酒と文学


大伴旅人 

歌人、大伴旅人の万葉集に入っている酒を譛える歌十三首は、酒なしの人生は考えられなかった人としてよく知られている。

 しるしなき物を思わずは一杯
     濁れる酒をのむべくあるらし

 なかなかに人とあらずは酒壺に
     成りにてしかも酒に染みなむ


若山牧水 

  明治以降では、生涯酒と旅を愛した歌人、若山牧水が第一だろう。
  牧水の酒は一日一升が定量だったという。

 船なりき春の夜なりき瀬戸なりき
     旅の女と酌みし杯

 それほどうまきかと人の間うたらば
     何と答えんこの酒の味


石川啄木
  
  牧水の親友でもあった石川啄木にも酒を詠んだ歌は多い。
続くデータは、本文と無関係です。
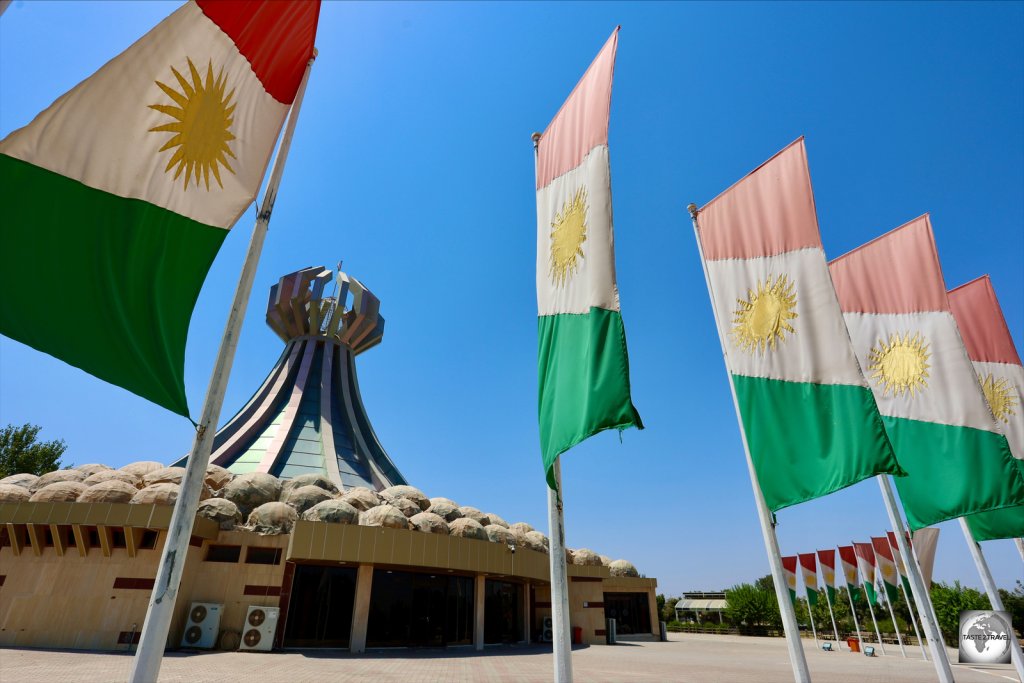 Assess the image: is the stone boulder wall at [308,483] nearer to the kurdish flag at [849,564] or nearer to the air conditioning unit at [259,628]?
the air conditioning unit at [259,628]

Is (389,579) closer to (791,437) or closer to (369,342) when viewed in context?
(791,437)

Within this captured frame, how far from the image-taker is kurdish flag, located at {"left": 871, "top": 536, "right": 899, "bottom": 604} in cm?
2316

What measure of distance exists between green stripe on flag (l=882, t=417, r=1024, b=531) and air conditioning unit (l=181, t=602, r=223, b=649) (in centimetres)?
1914

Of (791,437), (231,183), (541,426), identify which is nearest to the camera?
(231,183)

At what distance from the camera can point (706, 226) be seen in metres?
8.64

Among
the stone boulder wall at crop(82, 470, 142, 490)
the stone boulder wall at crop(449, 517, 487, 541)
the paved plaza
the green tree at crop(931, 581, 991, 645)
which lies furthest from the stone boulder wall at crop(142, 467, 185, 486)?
the green tree at crop(931, 581, 991, 645)

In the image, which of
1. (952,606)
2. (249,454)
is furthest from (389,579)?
(952,606)

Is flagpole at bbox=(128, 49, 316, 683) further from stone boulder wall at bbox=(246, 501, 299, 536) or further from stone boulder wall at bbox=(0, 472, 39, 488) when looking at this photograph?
stone boulder wall at bbox=(0, 472, 39, 488)

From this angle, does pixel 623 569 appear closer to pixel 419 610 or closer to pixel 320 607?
pixel 419 610

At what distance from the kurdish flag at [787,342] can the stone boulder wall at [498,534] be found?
56.0 ft

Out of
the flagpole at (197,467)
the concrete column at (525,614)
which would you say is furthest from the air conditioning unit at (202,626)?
the flagpole at (197,467)

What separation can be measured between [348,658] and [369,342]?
25.5 metres

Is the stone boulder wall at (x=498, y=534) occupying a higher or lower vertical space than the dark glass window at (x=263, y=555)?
higher

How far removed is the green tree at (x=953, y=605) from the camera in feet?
112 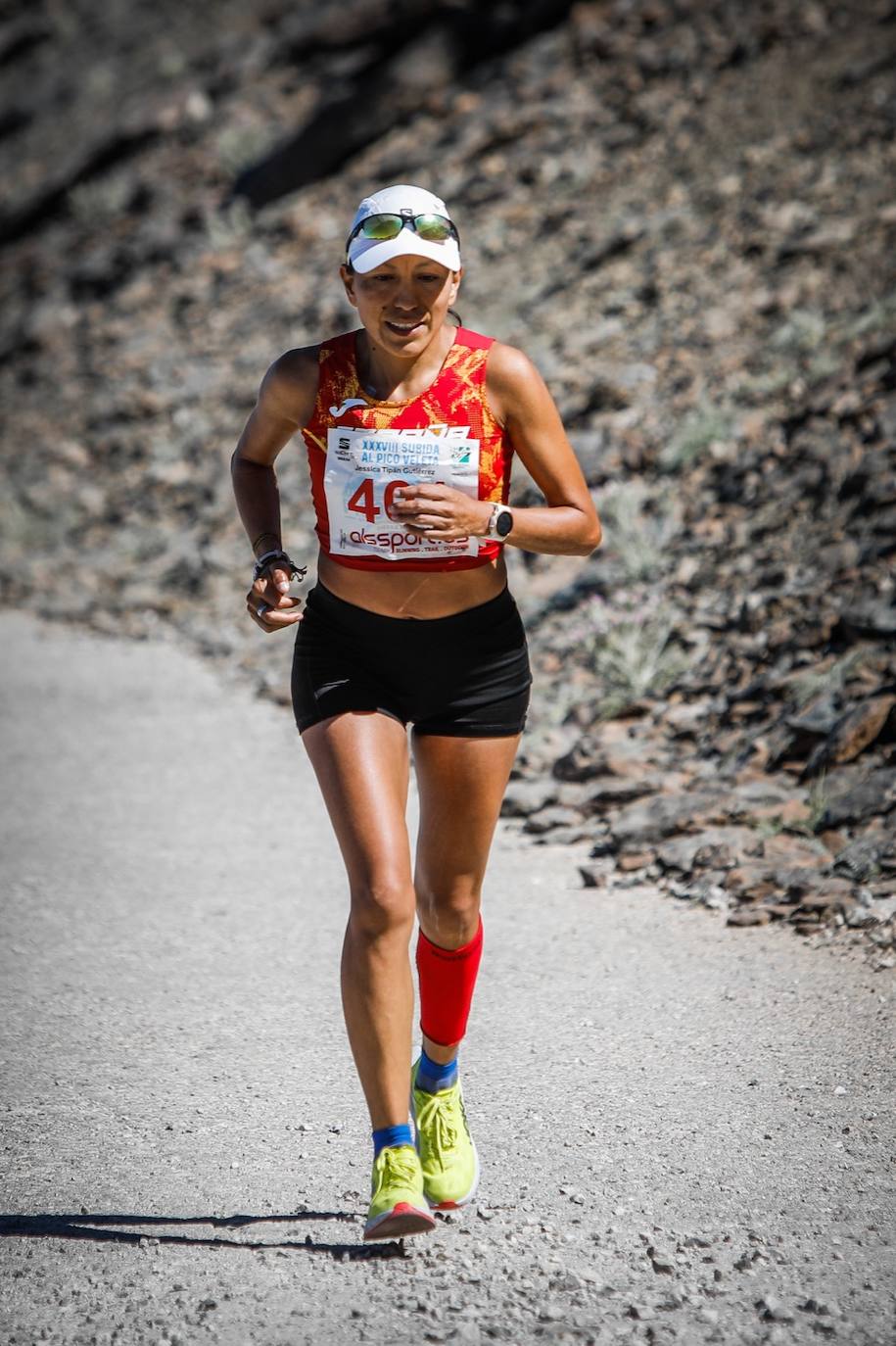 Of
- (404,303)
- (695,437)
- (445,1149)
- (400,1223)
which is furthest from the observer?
(695,437)

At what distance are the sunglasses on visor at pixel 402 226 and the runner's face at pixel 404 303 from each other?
0.06 metres

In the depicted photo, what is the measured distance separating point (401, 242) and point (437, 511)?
2.05 ft

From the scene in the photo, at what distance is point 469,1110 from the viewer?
4125 millimetres

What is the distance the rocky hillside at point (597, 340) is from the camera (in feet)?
22.4

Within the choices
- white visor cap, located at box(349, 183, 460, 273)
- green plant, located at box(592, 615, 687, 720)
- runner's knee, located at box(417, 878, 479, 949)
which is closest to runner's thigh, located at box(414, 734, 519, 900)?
runner's knee, located at box(417, 878, 479, 949)

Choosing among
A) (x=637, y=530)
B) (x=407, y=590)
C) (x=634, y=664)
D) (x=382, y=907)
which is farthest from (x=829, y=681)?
(x=382, y=907)

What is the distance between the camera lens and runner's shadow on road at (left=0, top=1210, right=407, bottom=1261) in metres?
3.34

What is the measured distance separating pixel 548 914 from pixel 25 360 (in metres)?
15.4

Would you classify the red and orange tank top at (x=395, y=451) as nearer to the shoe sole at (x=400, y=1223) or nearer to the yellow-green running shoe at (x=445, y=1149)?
the yellow-green running shoe at (x=445, y=1149)

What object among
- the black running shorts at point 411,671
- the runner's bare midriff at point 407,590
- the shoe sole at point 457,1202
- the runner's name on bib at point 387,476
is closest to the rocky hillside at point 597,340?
the shoe sole at point 457,1202

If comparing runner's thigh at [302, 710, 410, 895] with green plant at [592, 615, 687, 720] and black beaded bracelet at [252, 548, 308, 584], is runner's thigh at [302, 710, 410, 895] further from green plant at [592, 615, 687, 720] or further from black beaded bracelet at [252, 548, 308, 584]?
green plant at [592, 615, 687, 720]

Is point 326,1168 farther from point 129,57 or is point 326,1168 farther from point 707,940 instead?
point 129,57

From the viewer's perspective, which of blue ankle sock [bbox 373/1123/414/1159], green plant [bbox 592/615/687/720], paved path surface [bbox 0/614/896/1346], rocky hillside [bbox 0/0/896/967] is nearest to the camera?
paved path surface [bbox 0/614/896/1346]

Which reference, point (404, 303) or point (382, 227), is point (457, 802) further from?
point (382, 227) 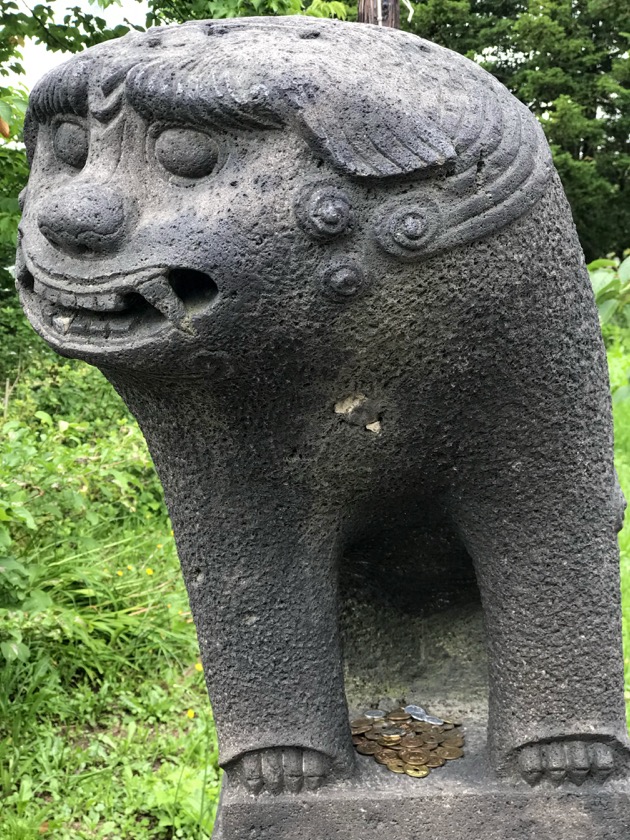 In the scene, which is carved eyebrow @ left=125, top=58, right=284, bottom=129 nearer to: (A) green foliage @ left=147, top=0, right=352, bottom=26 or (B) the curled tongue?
(B) the curled tongue

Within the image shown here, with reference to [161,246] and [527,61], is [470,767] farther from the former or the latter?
[527,61]

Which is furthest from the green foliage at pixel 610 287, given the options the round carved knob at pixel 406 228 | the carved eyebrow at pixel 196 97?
the carved eyebrow at pixel 196 97

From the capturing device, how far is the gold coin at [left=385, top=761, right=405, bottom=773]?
122cm

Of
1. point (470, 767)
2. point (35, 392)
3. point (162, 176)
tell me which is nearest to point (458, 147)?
point (162, 176)

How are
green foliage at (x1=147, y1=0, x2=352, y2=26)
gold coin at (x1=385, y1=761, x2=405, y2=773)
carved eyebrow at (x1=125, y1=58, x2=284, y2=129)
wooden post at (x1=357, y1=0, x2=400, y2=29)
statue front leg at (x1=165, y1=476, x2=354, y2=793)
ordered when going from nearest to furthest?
1. carved eyebrow at (x1=125, y1=58, x2=284, y2=129)
2. statue front leg at (x1=165, y1=476, x2=354, y2=793)
3. gold coin at (x1=385, y1=761, x2=405, y2=773)
4. wooden post at (x1=357, y1=0, x2=400, y2=29)
5. green foliage at (x1=147, y1=0, x2=352, y2=26)

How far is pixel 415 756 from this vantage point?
125cm

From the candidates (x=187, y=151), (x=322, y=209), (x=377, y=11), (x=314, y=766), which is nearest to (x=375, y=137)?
(x=322, y=209)

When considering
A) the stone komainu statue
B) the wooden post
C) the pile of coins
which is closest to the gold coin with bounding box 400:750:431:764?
the pile of coins

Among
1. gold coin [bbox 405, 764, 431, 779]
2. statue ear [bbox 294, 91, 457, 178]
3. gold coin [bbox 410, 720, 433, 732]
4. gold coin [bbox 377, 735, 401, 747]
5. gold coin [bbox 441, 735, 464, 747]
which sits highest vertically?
statue ear [bbox 294, 91, 457, 178]

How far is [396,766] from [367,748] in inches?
2.2

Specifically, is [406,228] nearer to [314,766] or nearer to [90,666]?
[314,766]

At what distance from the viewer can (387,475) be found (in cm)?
110

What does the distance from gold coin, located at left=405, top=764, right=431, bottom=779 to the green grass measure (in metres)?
0.81

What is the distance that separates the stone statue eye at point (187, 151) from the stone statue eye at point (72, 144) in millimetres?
115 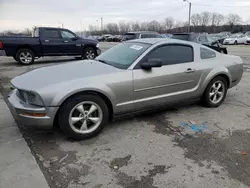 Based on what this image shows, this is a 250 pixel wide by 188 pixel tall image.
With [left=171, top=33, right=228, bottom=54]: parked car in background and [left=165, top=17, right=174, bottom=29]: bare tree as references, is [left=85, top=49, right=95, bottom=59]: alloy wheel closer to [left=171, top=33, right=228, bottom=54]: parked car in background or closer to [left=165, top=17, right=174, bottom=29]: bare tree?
[left=171, top=33, right=228, bottom=54]: parked car in background

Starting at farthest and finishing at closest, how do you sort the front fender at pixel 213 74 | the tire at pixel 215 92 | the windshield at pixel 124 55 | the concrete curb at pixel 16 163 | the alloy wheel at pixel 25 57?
the alloy wheel at pixel 25 57 → the tire at pixel 215 92 → the front fender at pixel 213 74 → the windshield at pixel 124 55 → the concrete curb at pixel 16 163

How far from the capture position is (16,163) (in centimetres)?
301

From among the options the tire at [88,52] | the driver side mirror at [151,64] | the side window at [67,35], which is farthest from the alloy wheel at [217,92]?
the side window at [67,35]

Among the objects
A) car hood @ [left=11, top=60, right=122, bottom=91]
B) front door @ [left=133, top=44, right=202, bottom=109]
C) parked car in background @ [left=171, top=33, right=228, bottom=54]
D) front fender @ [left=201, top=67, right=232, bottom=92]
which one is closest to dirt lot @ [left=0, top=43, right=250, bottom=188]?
Result: front door @ [left=133, top=44, right=202, bottom=109]

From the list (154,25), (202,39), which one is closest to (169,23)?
(154,25)

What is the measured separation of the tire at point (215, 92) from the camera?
4891 mm

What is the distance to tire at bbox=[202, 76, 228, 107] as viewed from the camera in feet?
16.0

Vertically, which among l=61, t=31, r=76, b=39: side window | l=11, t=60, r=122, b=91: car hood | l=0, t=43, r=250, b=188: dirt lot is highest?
l=61, t=31, r=76, b=39: side window

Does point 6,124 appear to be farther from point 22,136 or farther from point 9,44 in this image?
point 9,44

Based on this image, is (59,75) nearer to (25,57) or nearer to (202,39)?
(25,57)

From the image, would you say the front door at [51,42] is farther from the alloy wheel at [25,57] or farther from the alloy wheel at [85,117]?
the alloy wheel at [85,117]

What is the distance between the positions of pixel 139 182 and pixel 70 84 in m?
1.67

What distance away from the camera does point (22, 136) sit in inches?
148

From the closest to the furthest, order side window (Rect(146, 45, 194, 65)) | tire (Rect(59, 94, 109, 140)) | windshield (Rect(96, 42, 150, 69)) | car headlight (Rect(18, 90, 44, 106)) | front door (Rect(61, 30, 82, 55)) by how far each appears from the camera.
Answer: car headlight (Rect(18, 90, 44, 106)), tire (Rect(59, 94, 109, 140)), windshield (Rect(96, 42, 150, 69)), side window (Rect(146, 45, 194, 65)), front door (Rect(61, 30, 82, 55))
ただ、
  思想や生活環境の違いから表現は著しく異なっている。

 
こころざし得ぬ人々のあつまりて
      酒飲む場所がわが家なりしか


 
若くして数人の父となりし友
      子なきがごとく酔えばうたひき


藤本義一

  
学生時代に作った飲酒哲学は酒徒の真骨頂といえる。

 昼間の酒は残酷
 黄昏の酒は美酒
 深更の酒は陶酔
 夜明けの酒は恍惚


青木雨彦 (コラムニスト)

 
このセンスがたまらなく好きだ。今度本を読んでみようと思う。

 飲むのは月、水、金と火、木、土だけと決めている。
 加えて日曜日は週に一遍しか飲まない。